TASK PROMPT:
Retype the lines from the first one in the records down to the line containing "Slide: The Image", counting both, and leave out any pictures.

--------

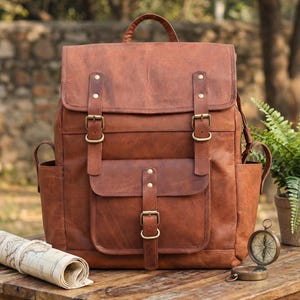 Pode incluir: Uma mochila de couro castanho com uma aba superior grande com duas correias de fivela, um bolso frontal com uma correia de fivela, dois bolsos laterais e uma pega superior. O saco apresenta costuras visíveis e ferragens em tom de latão.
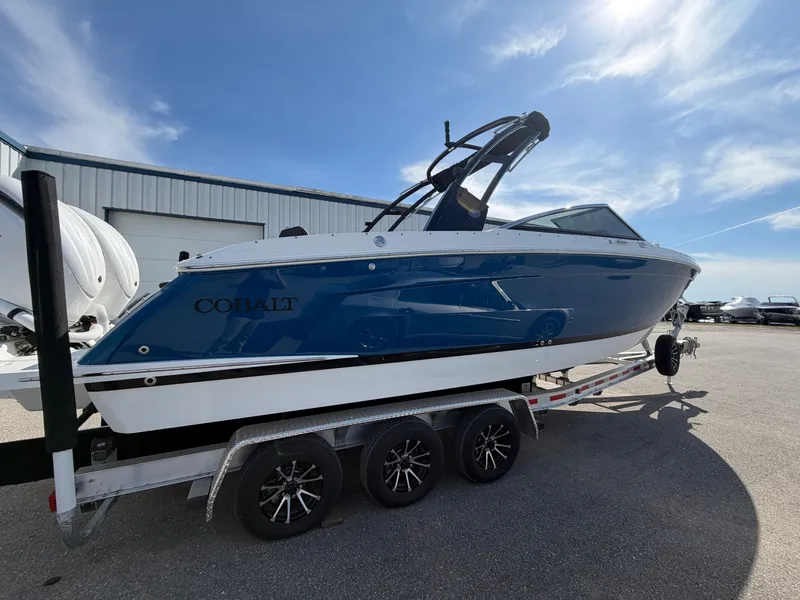 Slide: The Image of 2023 Cobalt R8 Outboard on trailer under sunny skies. - 3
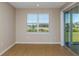 Bright and airy room with a large window and sliding glass door, showcasing natural light at 5329 Sw 81St Cir, Ocala, FL 34481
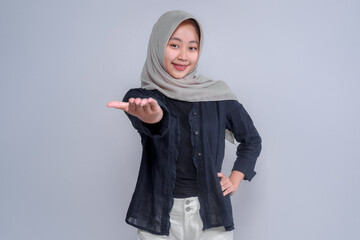 Asian woman wearing a hijab and a black shirt, smiling and extending her hand forward in a...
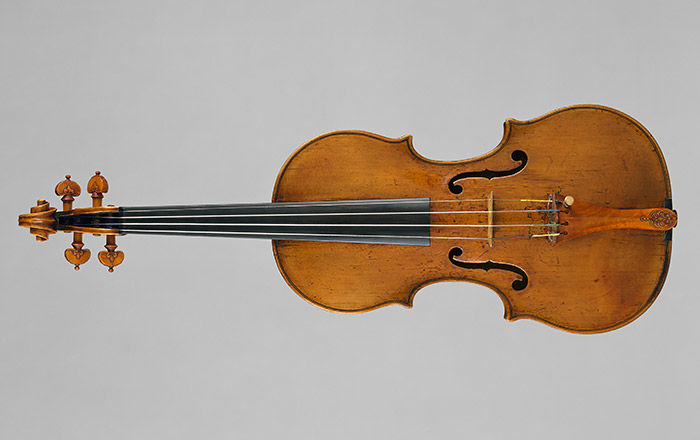 A sixteenth-century violin, with fleurs-de-lis tuners, laid down on a gray background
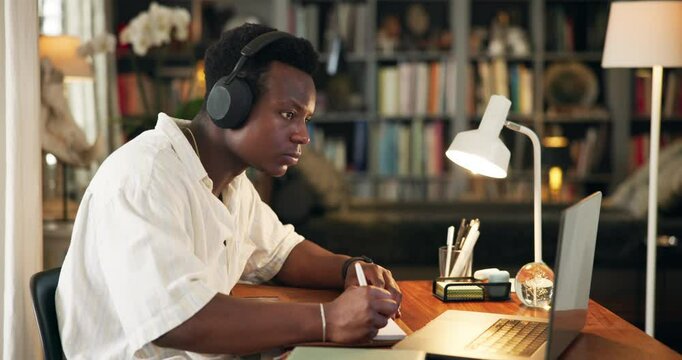 University, library and man with headphones on laptop for online learning, studying and education. School, academy and person listen to music on computer for research, assignment or project on campus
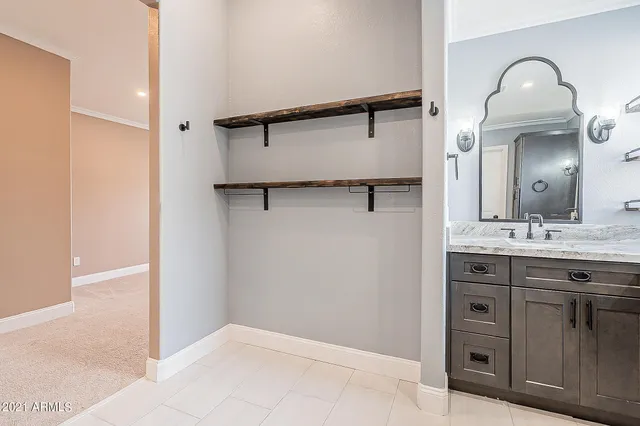 a bathroom with a granite countertop sink mirror and vanity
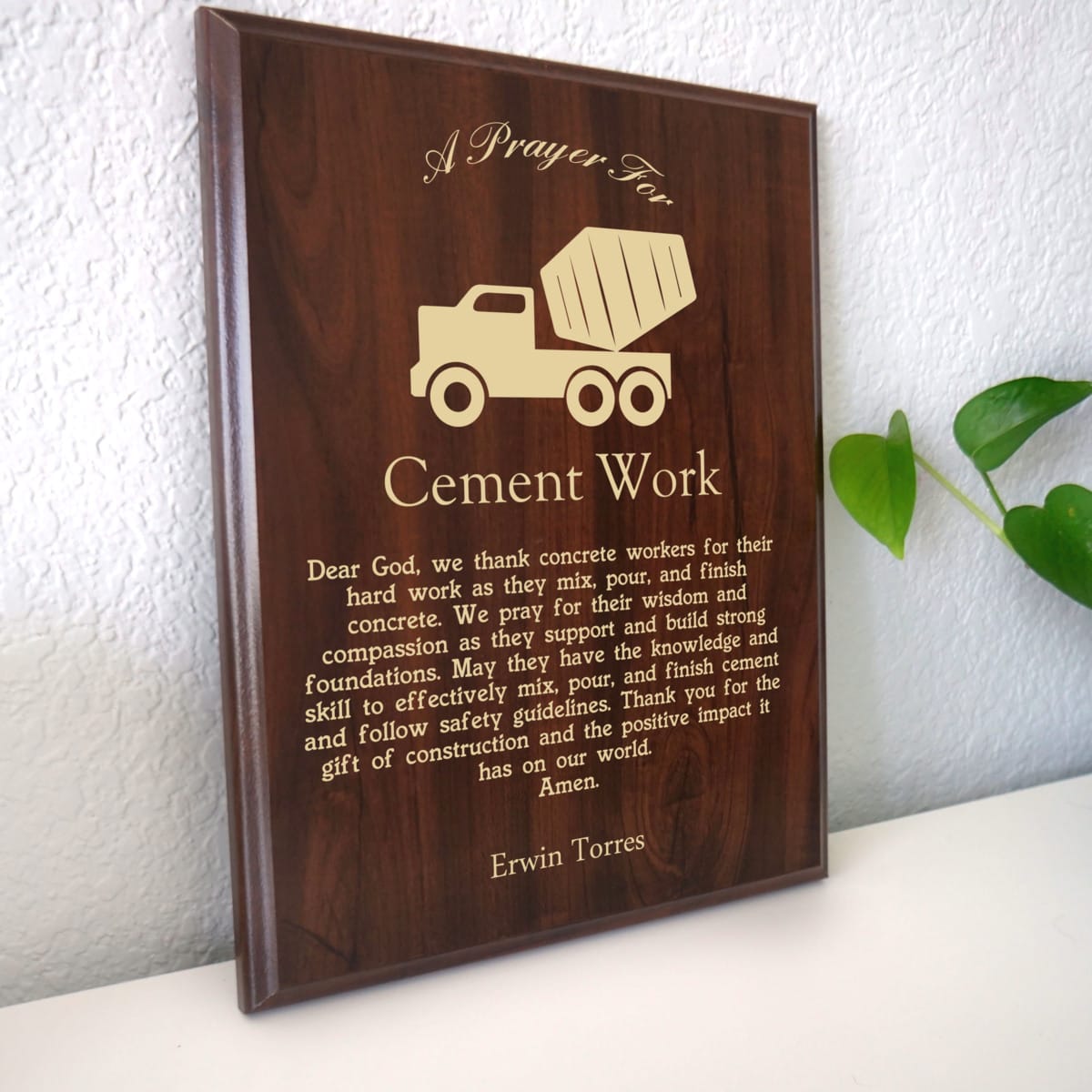Photo of plaque resting on table at an angle.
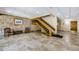 Lobby with wood staircase, brick walls, and comfortable seating at 36750 Us Highway 19 # 21-301, Palm Harbor, FL 34684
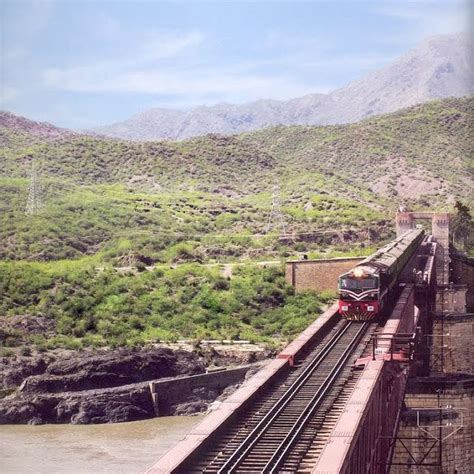 A Train Crossing A Bridge Over Indus River Near Attock Khurd Railway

--------

SOLUTION TO THIS PROBLEM:
 Pode incluir: Uma mochila de couro castanho com uma aba superior grande com duas correias de fivela, um bolso frontal com uma correia de fivela, dois bolsos laterais e uma pega superior. O saco apresenta costuras visíveis e ferragens em tom de latão.
 Slide: The Image of 2023 Cobalt R8 Outboard on trailer under sunny skies. - 3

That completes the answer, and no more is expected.